Warenhaus-Kette Metro stoppt Kaufhof-Verkauf

Der Handelskonzern Metro hat die Verkaufsverhandlungen für seine Warenhaustochter Kaufhof überraschend abgebrochen. Als Grund nannte der Konzern die schwierige Situation an den Finanzmärkten.
Kaufhof-Filiale in Köln: Verkaufsverhandlungen auf Eis gelegt

Kaufhof-Filiale in Köln: Verkaufsverhandlungen auf Eis gelegt

Foto: Oliver Berg/ picture alliance / dpa

Düsseldorf - Drei Investoren hatten bereits Gebote für die Warenhauskette Kaufhof vorgelegt, jetzt hat der Mutterkonzern Metro   die Verkaufsverhandlungen überraschend "bis auf weiteres" eingestellt. "Die aktuelle Lage am Kapitalmarkt bietet keine geeigneten Rahmenbedingungen für eine so wichtige Transaktion", sagte Metrochef Olaf Koch am Dienstag.

Der Konzern habe immer wieder betont, dass ein Verkauf das Potential von Kaufhof reflektieren müsse. "Aus heutiger Sicht können wir das Ertragspotential besser selbst heben, als durch einen Verkauf", hieß es nun.

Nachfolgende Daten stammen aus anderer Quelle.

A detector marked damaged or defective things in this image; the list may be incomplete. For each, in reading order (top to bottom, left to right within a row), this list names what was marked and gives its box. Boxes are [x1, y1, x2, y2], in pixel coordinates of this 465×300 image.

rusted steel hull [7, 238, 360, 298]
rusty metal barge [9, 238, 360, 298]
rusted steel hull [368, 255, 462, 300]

Für Kaufhof hatte unter anderem der Karstadt-Eigner Nicolas Bergguen geboten, zusammen mit dem Finanzinvestor Blackstone. Auch der Immobilienunternehmer Rene Benko und der frühere KarstadtQuelle-Chef Wolfgang Urban hatten Offerten vorgelegt. Damit war erstmals seit Jahren wieder Bewegung in den Kaufhof-Verkauf gekommen. Eine Trennung gilt seit Jahren als Wunsch von Metro, war aber zwischenzeitlich auf Eis gelegt worden.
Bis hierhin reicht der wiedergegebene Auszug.